▶ **PROBLEM DESCRIPTION**
Of the lines below, write out exactly those from the line with "Australian Labradoodle Personalised" through the line with "Nuloom Krystin SpinClean", both included, and skip the rest.

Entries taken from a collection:

+++++

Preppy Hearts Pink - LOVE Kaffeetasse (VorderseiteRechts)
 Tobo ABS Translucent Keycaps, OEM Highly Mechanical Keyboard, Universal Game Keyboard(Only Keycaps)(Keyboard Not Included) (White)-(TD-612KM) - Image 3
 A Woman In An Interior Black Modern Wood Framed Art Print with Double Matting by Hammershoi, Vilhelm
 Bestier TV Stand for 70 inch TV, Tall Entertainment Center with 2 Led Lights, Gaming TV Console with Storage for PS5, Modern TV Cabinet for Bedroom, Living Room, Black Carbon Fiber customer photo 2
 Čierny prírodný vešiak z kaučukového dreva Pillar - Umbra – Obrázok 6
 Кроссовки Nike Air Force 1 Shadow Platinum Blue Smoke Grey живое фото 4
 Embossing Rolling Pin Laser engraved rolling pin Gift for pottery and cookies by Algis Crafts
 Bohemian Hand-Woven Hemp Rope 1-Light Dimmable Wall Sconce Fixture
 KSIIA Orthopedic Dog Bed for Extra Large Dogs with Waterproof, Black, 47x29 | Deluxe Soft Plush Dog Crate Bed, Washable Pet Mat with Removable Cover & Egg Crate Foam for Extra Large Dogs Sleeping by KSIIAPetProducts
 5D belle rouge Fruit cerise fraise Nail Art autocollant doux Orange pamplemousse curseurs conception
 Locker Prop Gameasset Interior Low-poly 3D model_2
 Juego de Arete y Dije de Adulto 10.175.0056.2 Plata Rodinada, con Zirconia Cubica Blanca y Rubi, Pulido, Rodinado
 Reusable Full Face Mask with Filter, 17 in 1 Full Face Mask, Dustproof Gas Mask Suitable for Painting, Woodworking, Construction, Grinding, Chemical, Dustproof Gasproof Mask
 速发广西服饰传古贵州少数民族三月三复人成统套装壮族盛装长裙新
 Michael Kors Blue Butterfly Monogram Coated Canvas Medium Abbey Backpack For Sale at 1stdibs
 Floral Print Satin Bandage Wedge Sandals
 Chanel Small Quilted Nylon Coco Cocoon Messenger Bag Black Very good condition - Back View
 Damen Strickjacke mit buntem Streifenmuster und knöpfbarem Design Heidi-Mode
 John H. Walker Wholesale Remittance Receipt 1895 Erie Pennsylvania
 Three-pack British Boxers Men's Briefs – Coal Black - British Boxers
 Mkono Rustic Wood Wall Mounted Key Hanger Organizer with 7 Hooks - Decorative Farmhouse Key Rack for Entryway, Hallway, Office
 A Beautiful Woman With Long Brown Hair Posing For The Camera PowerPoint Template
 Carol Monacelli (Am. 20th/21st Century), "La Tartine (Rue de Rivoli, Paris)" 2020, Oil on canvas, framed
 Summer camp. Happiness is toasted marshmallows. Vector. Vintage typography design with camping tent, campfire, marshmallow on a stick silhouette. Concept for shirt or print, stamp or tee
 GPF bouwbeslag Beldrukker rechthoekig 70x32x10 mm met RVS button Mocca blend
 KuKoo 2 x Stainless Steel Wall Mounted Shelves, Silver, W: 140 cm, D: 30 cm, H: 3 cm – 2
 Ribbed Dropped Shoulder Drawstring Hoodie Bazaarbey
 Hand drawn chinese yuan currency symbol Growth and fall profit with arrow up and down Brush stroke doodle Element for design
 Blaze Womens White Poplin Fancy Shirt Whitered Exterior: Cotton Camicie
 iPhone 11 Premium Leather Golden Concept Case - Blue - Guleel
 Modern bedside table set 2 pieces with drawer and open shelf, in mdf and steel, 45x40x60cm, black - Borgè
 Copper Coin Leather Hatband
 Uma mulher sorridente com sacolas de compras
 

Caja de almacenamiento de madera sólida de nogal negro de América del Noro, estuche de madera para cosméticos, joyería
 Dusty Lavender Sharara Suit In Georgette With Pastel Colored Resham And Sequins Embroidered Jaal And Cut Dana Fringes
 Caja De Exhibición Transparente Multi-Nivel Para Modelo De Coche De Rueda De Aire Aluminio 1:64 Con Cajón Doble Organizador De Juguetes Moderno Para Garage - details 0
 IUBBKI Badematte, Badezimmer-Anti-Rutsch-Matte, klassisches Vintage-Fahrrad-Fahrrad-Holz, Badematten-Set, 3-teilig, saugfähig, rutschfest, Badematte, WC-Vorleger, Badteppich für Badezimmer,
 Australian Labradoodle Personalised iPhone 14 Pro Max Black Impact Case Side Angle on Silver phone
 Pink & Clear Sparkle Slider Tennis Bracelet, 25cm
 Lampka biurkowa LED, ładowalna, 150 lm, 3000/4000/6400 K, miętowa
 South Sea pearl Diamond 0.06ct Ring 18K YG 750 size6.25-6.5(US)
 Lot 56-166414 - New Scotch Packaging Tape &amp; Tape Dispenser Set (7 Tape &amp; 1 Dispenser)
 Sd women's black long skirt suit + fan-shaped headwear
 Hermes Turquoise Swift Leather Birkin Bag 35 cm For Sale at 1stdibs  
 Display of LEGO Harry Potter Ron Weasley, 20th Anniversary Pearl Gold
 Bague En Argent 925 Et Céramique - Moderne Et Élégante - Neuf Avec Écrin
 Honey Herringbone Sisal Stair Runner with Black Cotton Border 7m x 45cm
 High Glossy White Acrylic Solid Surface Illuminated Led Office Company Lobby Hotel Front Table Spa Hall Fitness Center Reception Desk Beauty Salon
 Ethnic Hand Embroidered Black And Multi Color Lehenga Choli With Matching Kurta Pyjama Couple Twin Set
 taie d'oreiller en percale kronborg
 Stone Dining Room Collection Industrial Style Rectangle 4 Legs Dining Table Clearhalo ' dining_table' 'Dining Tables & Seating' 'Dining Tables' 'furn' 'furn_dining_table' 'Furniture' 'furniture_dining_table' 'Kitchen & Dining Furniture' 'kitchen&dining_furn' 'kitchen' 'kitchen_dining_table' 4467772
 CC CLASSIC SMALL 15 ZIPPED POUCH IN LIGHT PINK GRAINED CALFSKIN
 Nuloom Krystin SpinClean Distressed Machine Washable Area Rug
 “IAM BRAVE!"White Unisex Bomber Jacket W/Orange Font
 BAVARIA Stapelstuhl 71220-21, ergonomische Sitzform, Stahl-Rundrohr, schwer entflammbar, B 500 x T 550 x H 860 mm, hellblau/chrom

+++++

▶ **TASK OUTPUT**
 Australian Labradoodle Personalised iPhone 14 Pro Max Black Impact Case Side Angle on Silver phone
 Pink & Clear Sparkle Slider Tennis Bracelet, 25cm
 Lampka biurkowa LED, ładowalna, 150 lm, 3000/4000/6400 K, miętowa
 South Sea pearl Diamond 0.06ct Ring 18K YG 750 size6.25-6.5(US)
 Lot 56-166414 - New Scotch Packaging Tape &amp; Tape Dispenser Set (7 Tape &amp; 1 Dispenser)
 Sd women's black long skirt suit + fan-shaped headwear
 Hermes Turquoise Swift Leather Birkin Bag 35 cm For Sale at 1stdibs  
 Display of LEGO Harry Potter Ron Weasley, 20th Anniversary Pearl Gold
 Bague En Argent 925 Et Céramique - Moderne Et Élégante - Neuf Avec Écrin
 Honey Herringbone Sisal Stair Runner with Black Cotton Border 7m x 45cm
 High Glossy White Acrylic Solid Surface Illuminated Led Office Company Lobby Hotel Front Table Spa Hall Fitness Center Reception Desk Beauty Salon
 Ethnic Hand Embroidered Black And Multi Color Lehenga Choli With Matching Kurta Pyjama Couple Twin Set
 taie d'oreiller en percale kronborg
 Stone Dining Room Collection Industrial Style Rectangle 4 Legs Dining Table Clearhalo ' dining_table' 'Dining Tables & Seating' 'Dining Tables' 'furn' 'furn_dining_table' 'Furniture' 'furniture_dining_table' 'Kitchen & Dining Furniture' 'kitchen&dining_furn' 'kitchen' 'kitchen_dining_table' 4467772
 CC CLASSIC SMALL 15 ZIPPED POUCH IN LIGHT PINK GRAINED CALFSKIN
 Nuloom Krystin SpinClean Distressed Machine Washable Area Rug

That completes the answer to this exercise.